▸ About this exercise
Starting at the first line of the material below, retype each line exactly until you reach the line with "While I let", which is also included; pictures stay out.

▸ Dataset excerpts
○ ○ ○ ○ ○

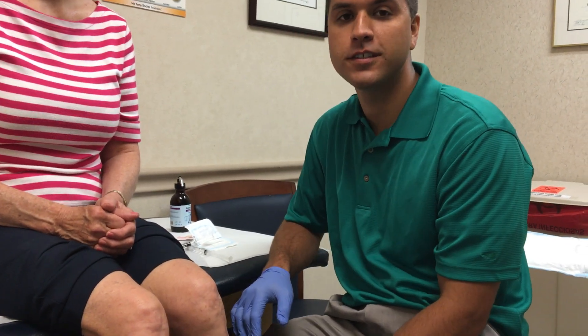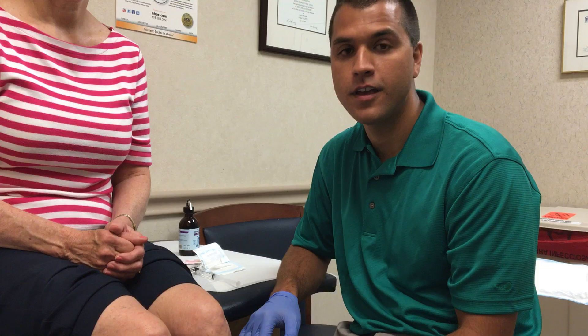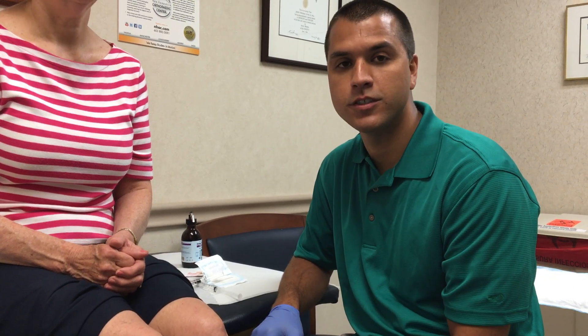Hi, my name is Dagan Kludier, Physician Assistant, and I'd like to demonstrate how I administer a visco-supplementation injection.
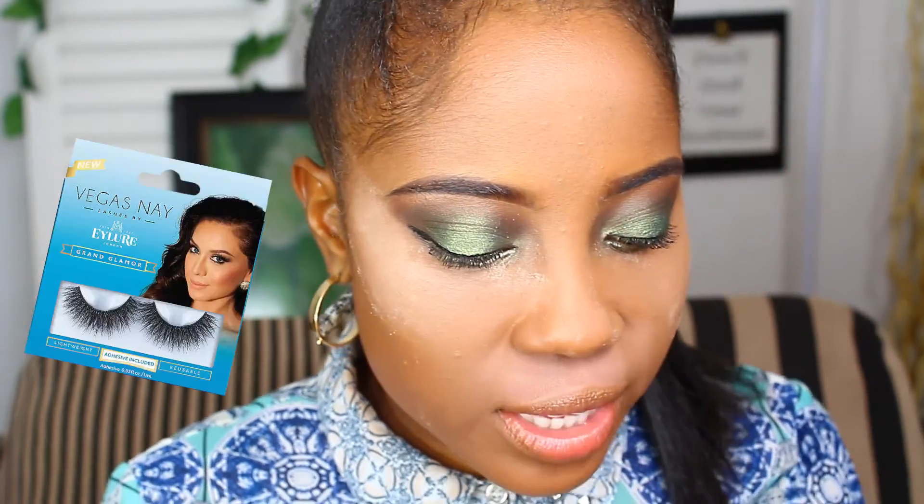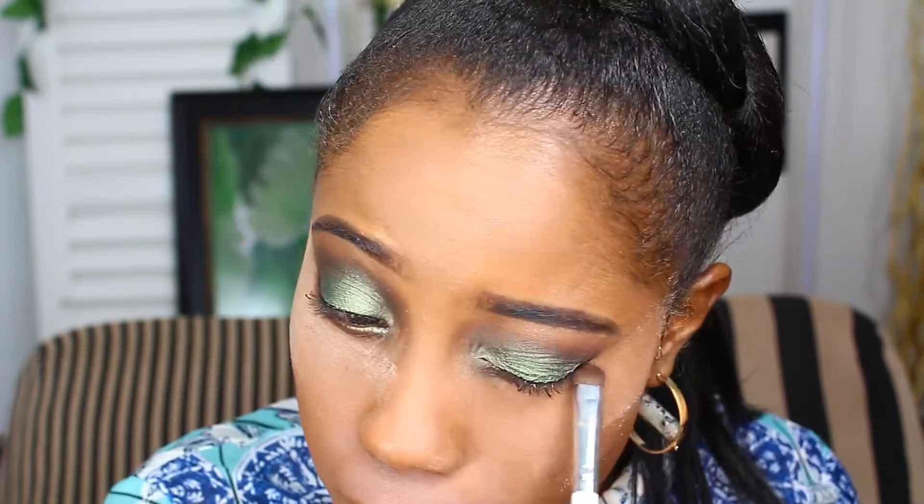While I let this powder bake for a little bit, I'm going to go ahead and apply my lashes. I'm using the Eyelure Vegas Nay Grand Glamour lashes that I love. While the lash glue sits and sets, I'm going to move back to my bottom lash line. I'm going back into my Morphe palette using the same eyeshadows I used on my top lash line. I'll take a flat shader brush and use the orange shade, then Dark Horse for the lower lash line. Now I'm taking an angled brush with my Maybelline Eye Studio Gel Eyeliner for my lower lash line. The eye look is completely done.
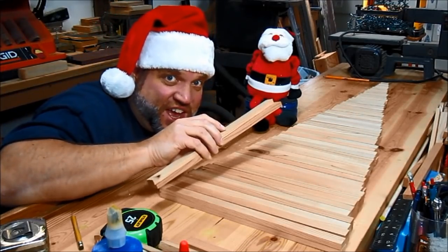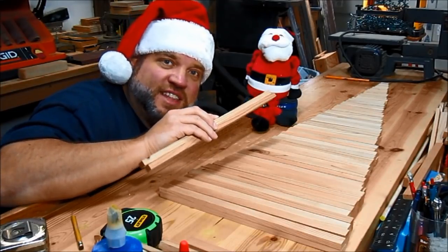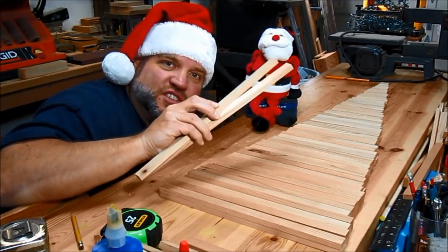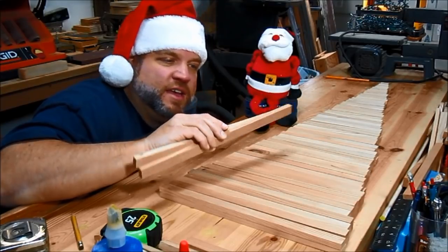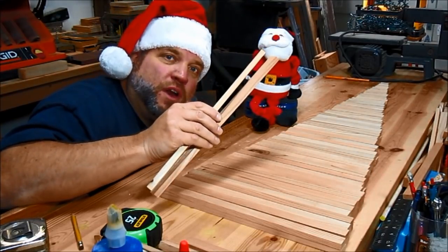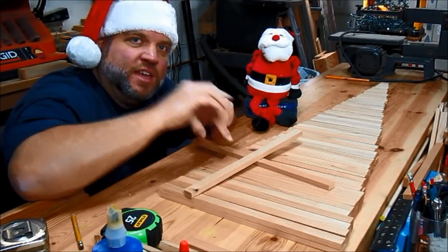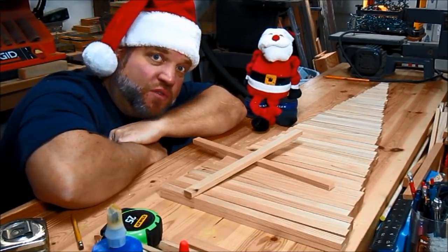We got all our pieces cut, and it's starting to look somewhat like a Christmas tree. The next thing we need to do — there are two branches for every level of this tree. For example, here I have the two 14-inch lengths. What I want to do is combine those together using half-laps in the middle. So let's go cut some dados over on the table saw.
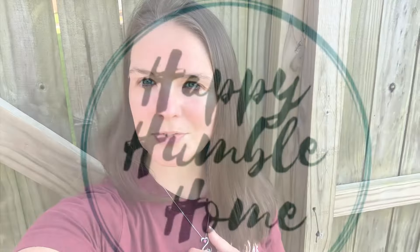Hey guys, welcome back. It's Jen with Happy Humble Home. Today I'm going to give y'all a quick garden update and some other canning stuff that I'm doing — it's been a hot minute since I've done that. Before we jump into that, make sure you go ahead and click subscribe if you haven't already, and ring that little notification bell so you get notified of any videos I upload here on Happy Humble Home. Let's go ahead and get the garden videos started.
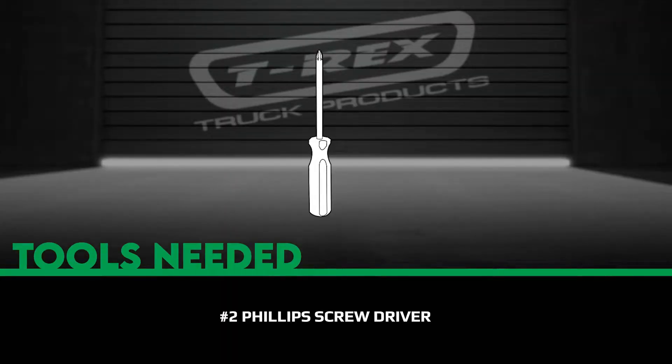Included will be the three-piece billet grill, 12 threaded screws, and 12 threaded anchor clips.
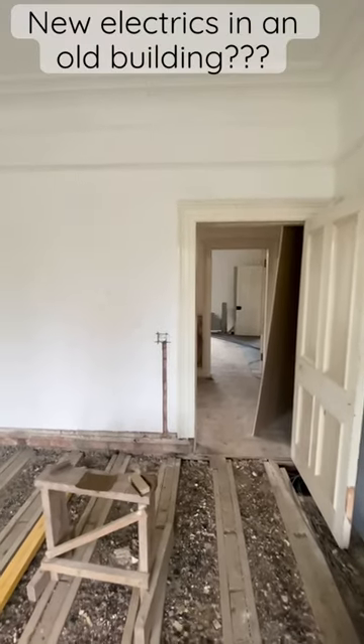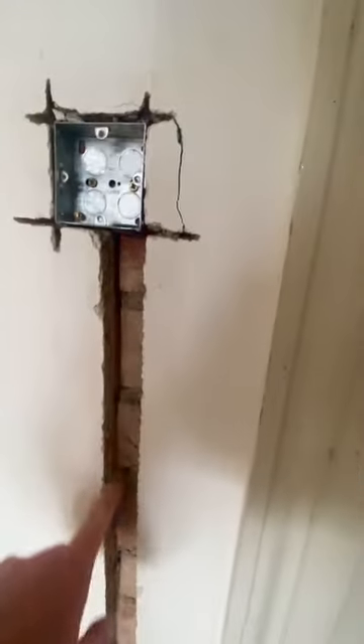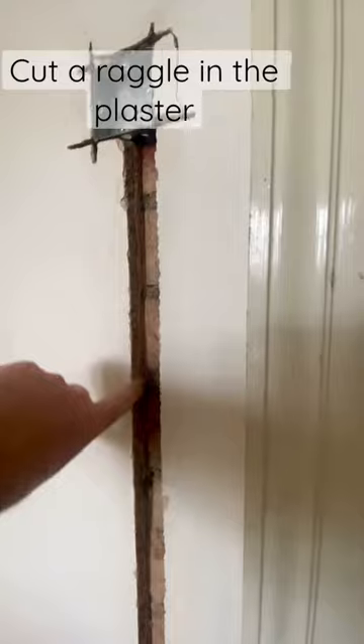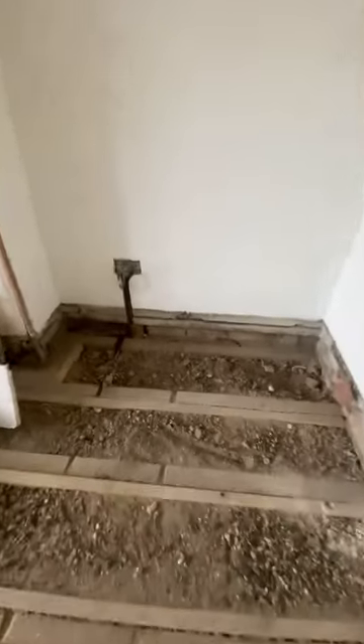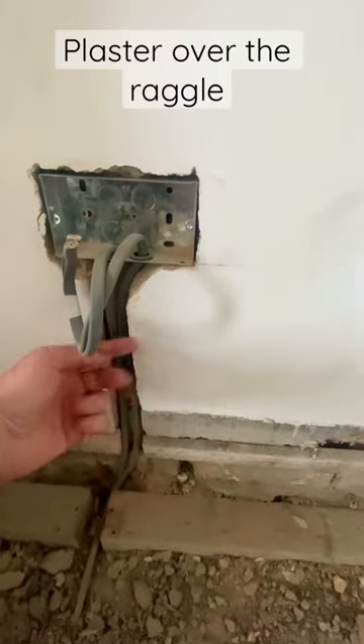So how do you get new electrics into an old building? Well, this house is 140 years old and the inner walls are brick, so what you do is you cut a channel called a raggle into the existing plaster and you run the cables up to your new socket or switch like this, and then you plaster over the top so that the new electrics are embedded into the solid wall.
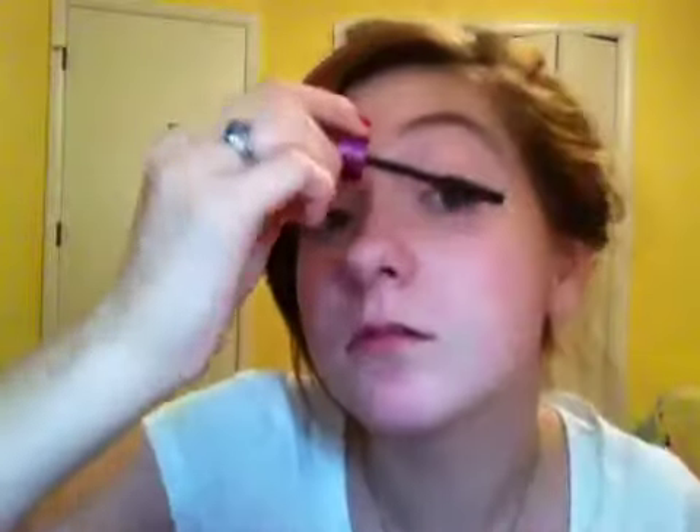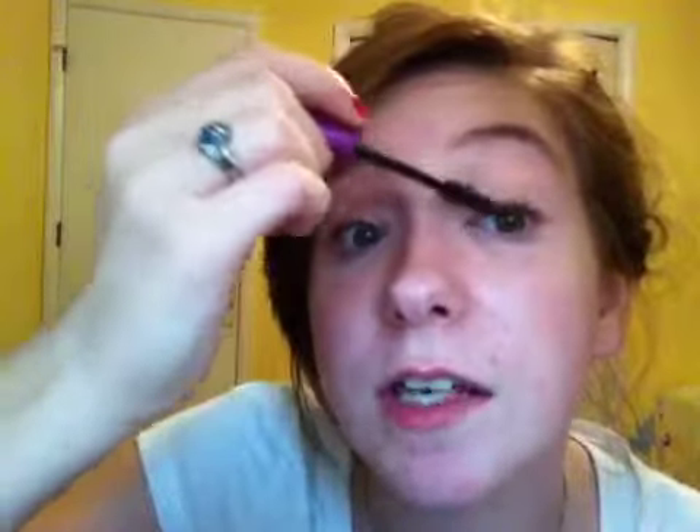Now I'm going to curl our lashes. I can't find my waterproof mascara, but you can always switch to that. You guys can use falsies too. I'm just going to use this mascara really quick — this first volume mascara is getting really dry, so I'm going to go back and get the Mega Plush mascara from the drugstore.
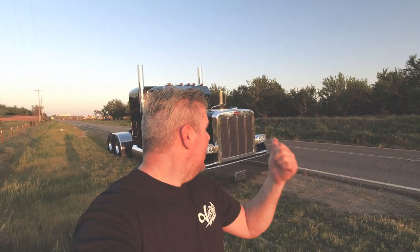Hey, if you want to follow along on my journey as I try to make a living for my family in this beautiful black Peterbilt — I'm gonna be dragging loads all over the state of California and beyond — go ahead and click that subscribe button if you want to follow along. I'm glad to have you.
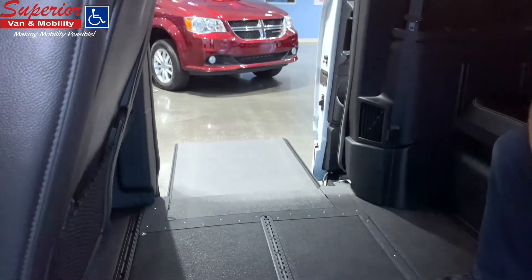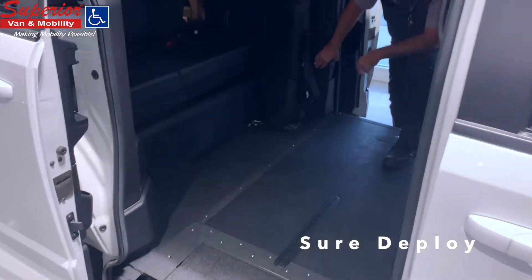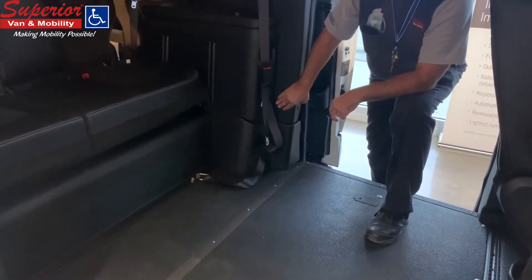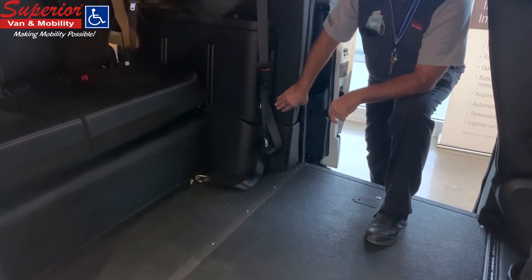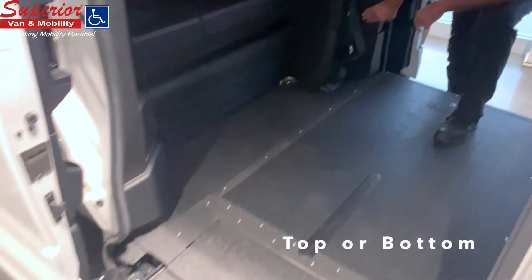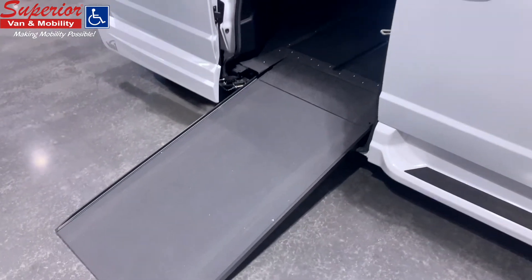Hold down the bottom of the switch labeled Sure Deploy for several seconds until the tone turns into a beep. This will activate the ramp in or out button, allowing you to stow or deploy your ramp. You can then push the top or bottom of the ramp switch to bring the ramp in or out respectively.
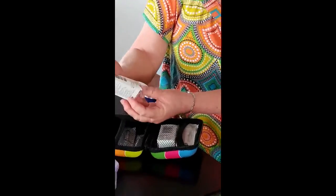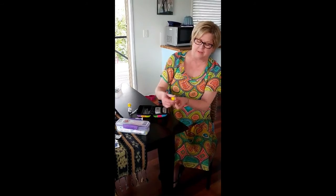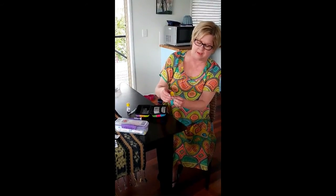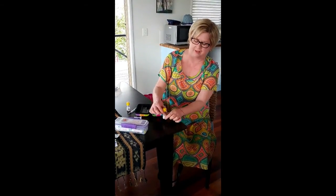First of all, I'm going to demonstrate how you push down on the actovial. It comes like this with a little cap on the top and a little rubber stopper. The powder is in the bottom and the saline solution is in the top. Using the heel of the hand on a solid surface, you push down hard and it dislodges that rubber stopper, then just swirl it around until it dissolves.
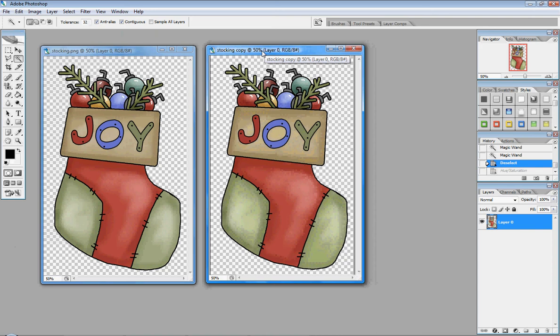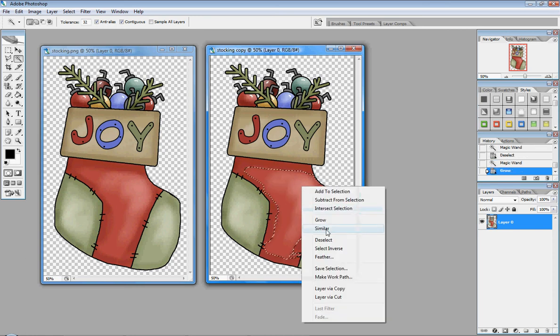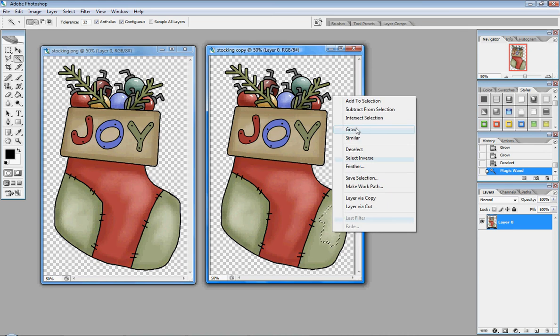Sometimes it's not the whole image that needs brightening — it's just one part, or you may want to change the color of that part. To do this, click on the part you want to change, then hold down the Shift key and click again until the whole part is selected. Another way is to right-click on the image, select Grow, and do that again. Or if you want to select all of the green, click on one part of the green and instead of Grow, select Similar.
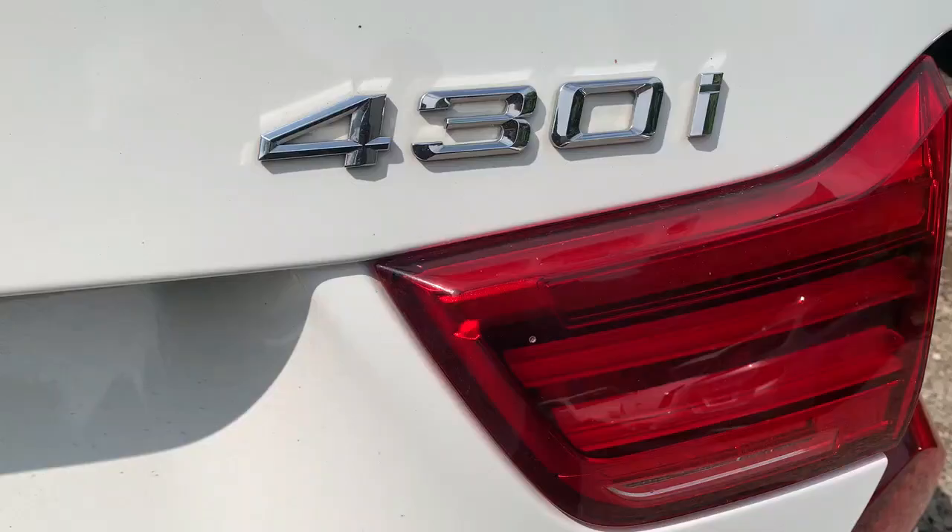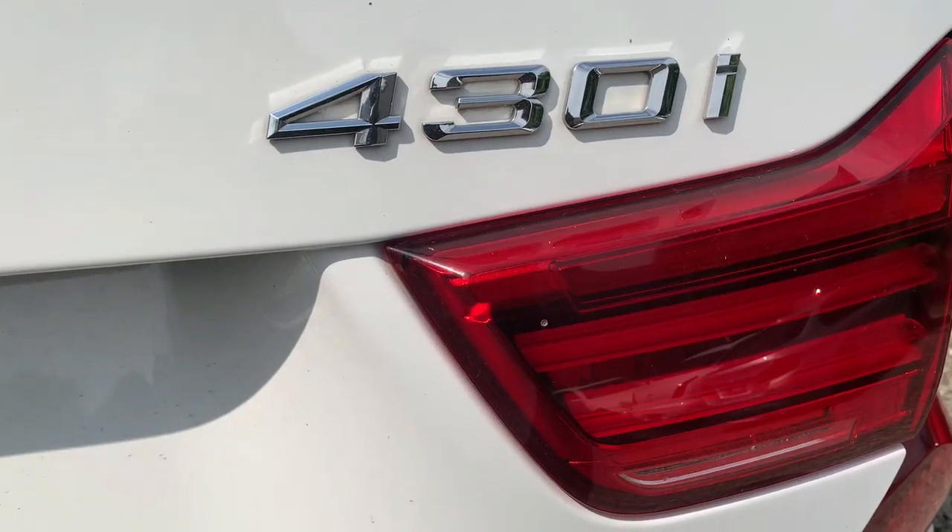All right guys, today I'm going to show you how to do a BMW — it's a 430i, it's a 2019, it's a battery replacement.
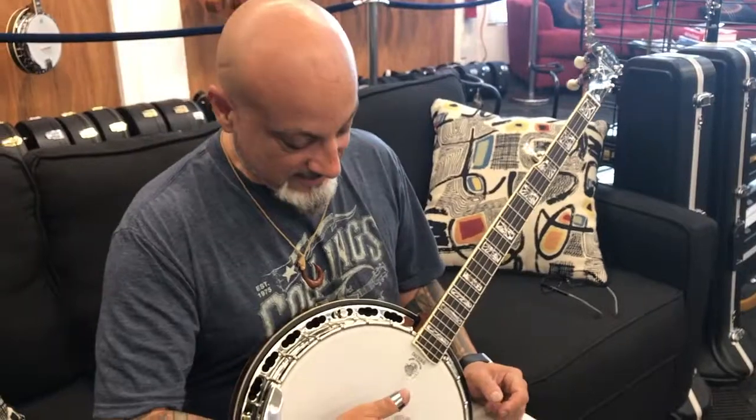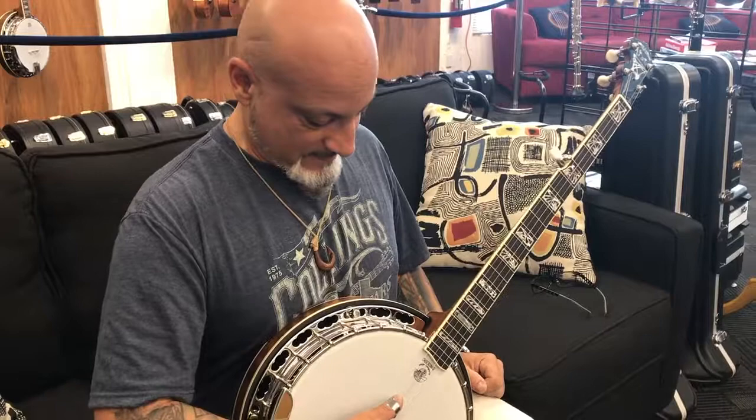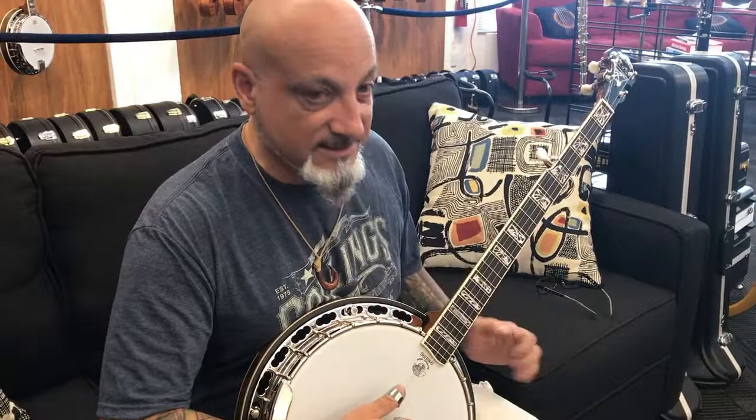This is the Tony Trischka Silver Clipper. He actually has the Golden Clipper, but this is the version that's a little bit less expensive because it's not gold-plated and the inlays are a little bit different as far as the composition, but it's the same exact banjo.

○ ○ ○ ○ ○

▸ Answer for the task
Hi, my name is Dagan Kludier, Physician Assistant, and I'd like to demonstrate how I administer a visco-supplementation injection.
While I let this powder bake for a little bit, I'm going to go ahead and apply my lashes. I'm using the Eyelure Vegas Nay Grand Glamour lashes that I love. While the lash glue sits and sets, I'm going to move back to my bottom lash line. I'm going back into my Morphe palette using the same eyeshadows I used on my top lash line. I'll take a flat shader brush and use the orange shade, then Dark Horse for the lower lash line. Now I'm taking an angled brush with my Maybelline Eye Studio Gel Eyeliner for my lower lash line. The eye look is completely done.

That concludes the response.